Progress had been creeping into the small Texas town for years. A rural area not far from Bishop, Texas, Sweet Home had drawn the attention of big-city developers. Landowners were being offered good money to sell. The situation had neighbor pitted against neighbor. For months, town meetings had tried to bring unity, but so far, the efforts had only added fuel to the fire.
“I’m sure I’ve seen you around before, but I don’t think we’ve officially met.”
The young woman’s statement refocused his mind and he noticed her ringless hand stretched out toward him. How long had he been lost in those beautiful brown eyes?
“Garrett Hearth.” Their hands made a warm connection. Hers sported a layer of dirt, which she transferred to him during the handshake, leaving his skin feeling a bit gritty.
Enthusiastic and beautiful. Too bad she was on the wrong side. That made her a beautiful bother.
“I saw you talking to my brother, Gabe. How long have you two known each other?”
Rumor had it that Gabe was involved with some dark-haired woman. One of his co-workers told him that she was a well-to-do real estate broker from Bishop. Gabe always traveled there to see her. Could this be her? For some reason, he hoped not. She looked more country than city.
“Gabe’s your brother?” Her eyes lit up like amber stars. “Then you’re another descendent of this town’s founding family!”
A sense of pride surged through him, then fell away like leaves from a tree in autumn. His ancestors had settled here long ago, and others established homesteads around them. The Hearth family had named the town. For many years, life in Sweet Home had been ideal for all residents—pure, simple country living.
Now it was time for change.
“Yeah. That’s my family.”
“You must be so proud of your rich heritage. What a history this area has.”

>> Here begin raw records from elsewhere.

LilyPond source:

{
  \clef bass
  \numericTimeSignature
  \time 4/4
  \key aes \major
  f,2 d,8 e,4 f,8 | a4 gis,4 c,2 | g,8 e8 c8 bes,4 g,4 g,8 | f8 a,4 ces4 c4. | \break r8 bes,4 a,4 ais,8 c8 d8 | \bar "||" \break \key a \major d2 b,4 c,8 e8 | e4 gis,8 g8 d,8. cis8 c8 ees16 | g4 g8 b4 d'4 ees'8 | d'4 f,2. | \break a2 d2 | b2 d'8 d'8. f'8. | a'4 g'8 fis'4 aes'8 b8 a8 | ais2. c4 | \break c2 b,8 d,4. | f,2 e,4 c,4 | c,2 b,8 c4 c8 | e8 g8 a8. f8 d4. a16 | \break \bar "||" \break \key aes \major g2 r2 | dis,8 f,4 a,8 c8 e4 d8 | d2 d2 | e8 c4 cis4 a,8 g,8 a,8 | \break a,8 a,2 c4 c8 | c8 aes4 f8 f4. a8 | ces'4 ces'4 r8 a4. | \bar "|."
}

Her eyes sparkled as she looked toward the surrounding hay fields, where golden bales glowed in the early evening sun. Beyond them, a densely wooded area boasted a variety of trees—old oak, pecan, and cottonwood stood tall and majestic alongside smaller mesquite trees. All of them slated to be cut down.
“War, drought, the Depression, flooding…this town has made it through it all.” This gal was nothing if not single-minded. “I can’t imagine anyone wanting bulldozers coming in and tearing it all down. Oh, well. We just have to keep praying.”

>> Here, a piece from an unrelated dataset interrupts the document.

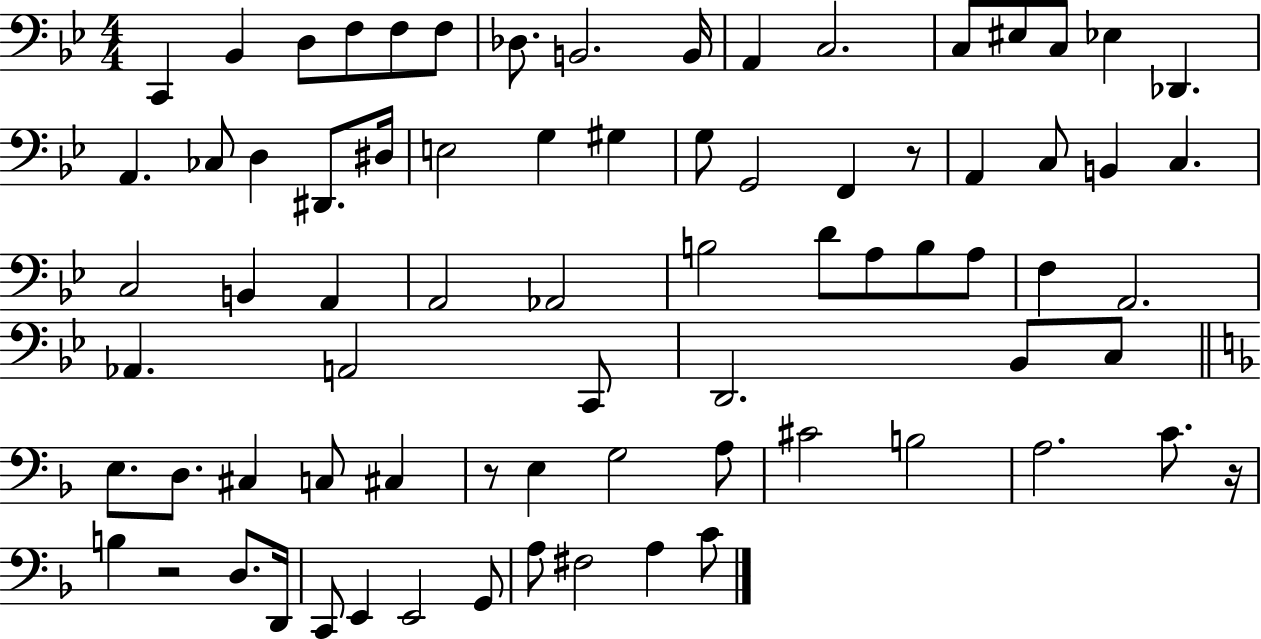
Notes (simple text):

C2/q Bb2/q D3/e F3/e F3/e F3/e Db3/e. B2/h. B2/s A2/q C3/h. C3/e EIS3/e C3/e Eb3/q Db2/q. A2/q. CES3/e D3/q D#2/e. D#3/s E3/h G3/q G#3/q G3/e G2/h F2/q R/e A2/q C3/e B2/q C3/q. C3/h B2/q A2/q A2/h Ab2/h B3/h D4/e A3/e B3/e A3/e F3/q A2/h. Ab2/q. A2/h C2/e D2/h. Bb2/e C3/e E3/e. D3/e. C#3/q C3/e C#3/q R/e E3/q G3/h A3/e C#4/h B3/h A3/h. C4/e. R/s B3/q R/h D3/e. D2/s C2/e E2/q E2/h G2/e A3/e F#3/h A3/q C4/e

A big smile spread across her face, replacing the serious expression from half a second before. Garrett allowed his eyes to roam from her face to take in the rest of her. Whatever it was that she did outdoors, it must involve physical labor. Well-defined muscles in her arms flexed slightly as she turned the locks on the door. Even in work clothes, she had a classy air about her.
“Oh! Your brother.” Her ponytail bounced as she spoke. “I didn’t answer your question. I haven’t known him long. I own a small plant farm and sometimes do installs for clients. Gabriel hired me to complete his landscaping project at his house. Been working over there all day, and I’ll be there at least another two days. Lots of work.”
Thinking about the job must have made her self-conscious because she dusted her jeans and held grimy hands in front of her, fingers splayed. “I’m a mess. Barely made it to the meeting—not a chance of going home to clean up. I didn’t call the meeting this time, and it wasn’t convenient at all.”
“Don’t worry about it.” Garrett couldn’t help grinning at her sudden discomfiture. “You look great. And these old farmers and ranchers don’t give a hoot about appearances. You’re fine.”
So she wasn’t Gabe’s girlfriend. Excellent.